Pourquoi les saveurs n’ont-elles pas le même goût pour tous ?
Plus que tous les autres sens, le goût est une affaire personnelle. Car si les saveurs sont des données objectives, leur perception, de nos papilles gustatives jusqu’au cerveau, dépend des autres sens, de l’expérience, de la texture… et même de la température !
Certes, le sel est salé et le sucre est le sucré, nul ne s’y trompe. Mais ce n’est pas si simple pour des saveurs plus compliquées : leur ressenti n’est pas aussi universel que celui des textures au toucher. Le goût ne mobilise pas seulement les papilles : il implique également, plus que n’importe quel autre sens, le cerveau, ainsi que les autres perceptions. Du coup, ce que le palais de l’un aime, l’autre ne l’apprécie pas forcément ; il s’agit chaque fois d’une expérience sensorielle subjective. En 1998, dans une étude menée par l’Institut national de la recherche agronomique de Montpellier, des sommeliers réputés ont été chargés de classer par ordre de préférence dix-huit vins dont ils ne connaissaient pas l’origine. Résultat : certains vins de table se retrouvaient devant des crus prestigieux… En matière de goût, comme le souligne Patrick Mac Leod, président de l’Institut du goût, à Paris, « il n’existe pas d’observateur standard ».

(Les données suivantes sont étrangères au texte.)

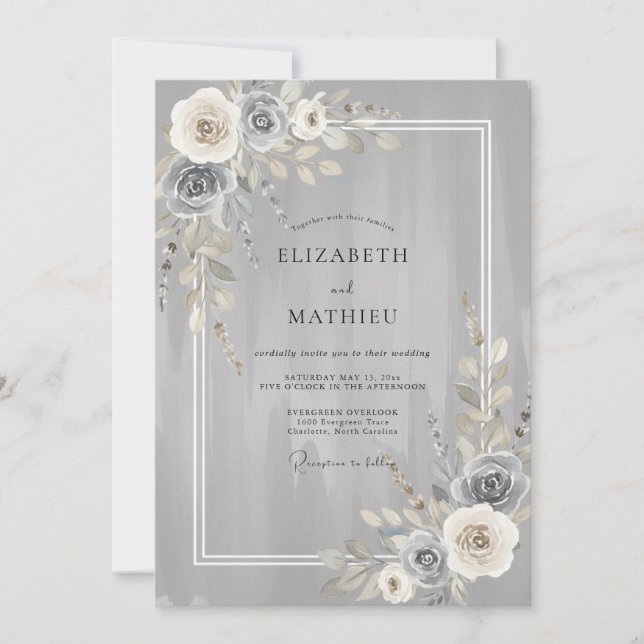 Invitación Boda Rosa Carbón Plateado (Anverso)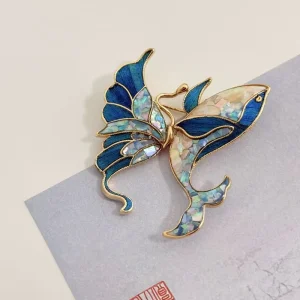 Chinese Style Copper Alloy Butterfly Brooch Pin Fashion Jewelry for Women Engagement Wedding Party Gift Suzhou Handicrafts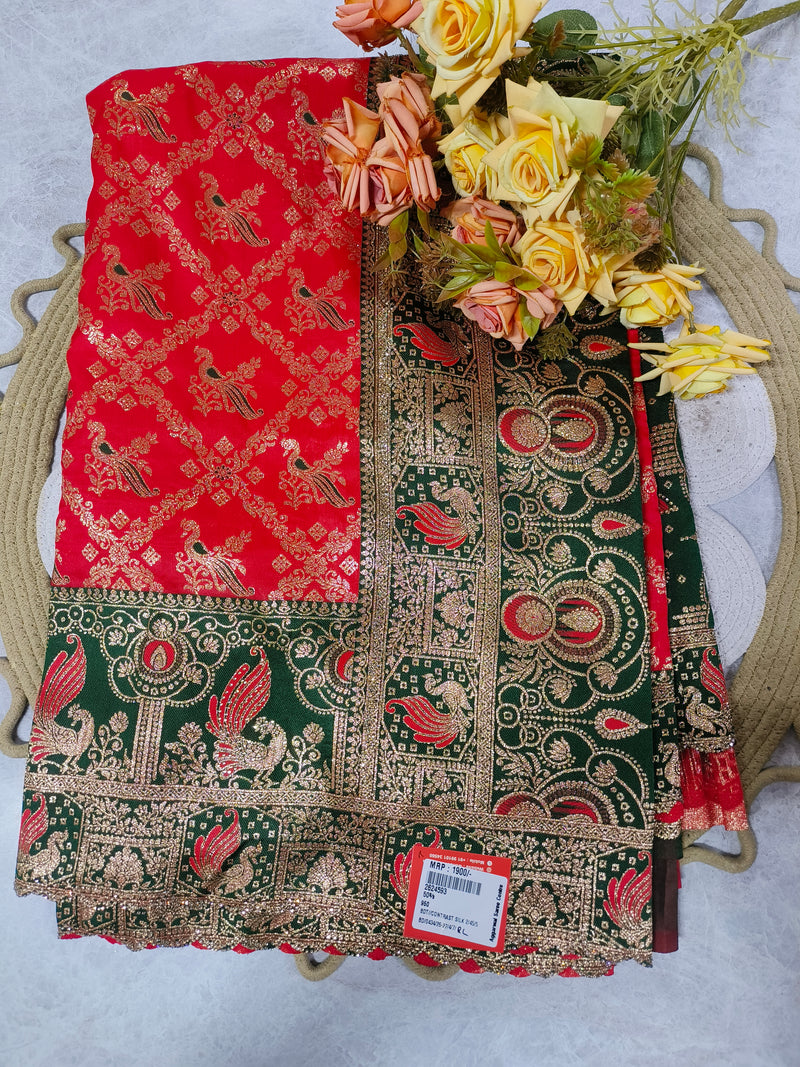Elegant Red and Green Traditional Silk Saree with Rich Zari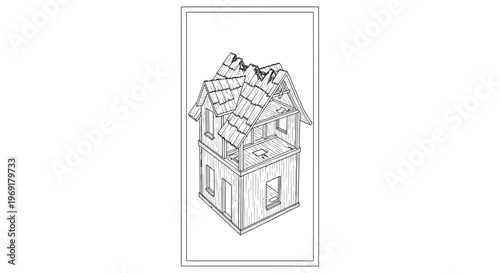 Detailed line art illustration of a deconstructed two-story house showing internal structure and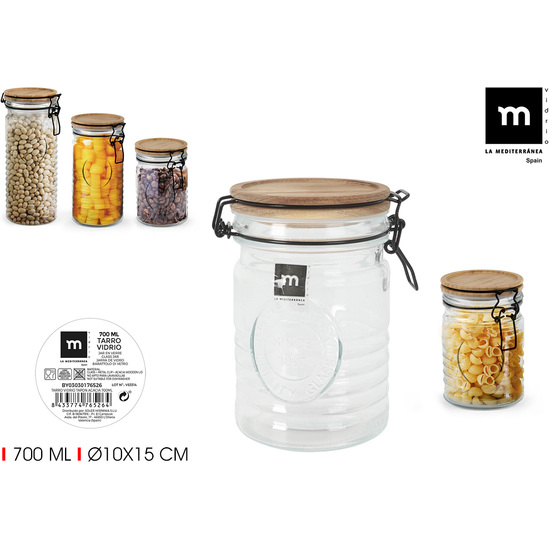TARRO VIDRIO TAPON ACACIA 700ML LA MEDITERRANEA image 0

Les gènes sont en partie responsables
Mais comment le palais des uns apprécie le sucré du chocolat quand celui des autres en souligne l’amertume ? Sauf troubles de la vue, tout le monde voit rouge ou bleu, chacun distingue le son d’une cloche de celui d’un ballon qui claque. Pourquoi n’est-ce pas le cas avec les saveurs ? L’influence des gènes est importante, car ce sont eux qui codent la sensibilité de nos cellules gustatives (environ 300.000) aux diverses saveurs : les quatre primaires – le sucré, le salé, l’acide et l’amer – mais aussi l’umami (provoqué par la présence de glutamate) révélés par les études expérimentales, et une multitude d’autres comme la saveur métallique, et tous ces « goûts de… » qui, à l’instar des « odeurs de… », sont soumis à l’appréciation de chacun, au point qu’on ne peut les nommer.
Or, les gènes sont différents d’une personne à l’autre. Ainsi, bien que nous goûtions tous la même boisson, ce ne sont pas les mêmes signaux électriques, en provenance de la bouche et du nez, qui gagnent notre cerveau.
Reste que les différences génétiques ne sont pas l’apanage du goût : elles influencent tous les autres sens. Or, ceux-ci ne sont pas soumis à une aussi grande variabilité interindividuelle.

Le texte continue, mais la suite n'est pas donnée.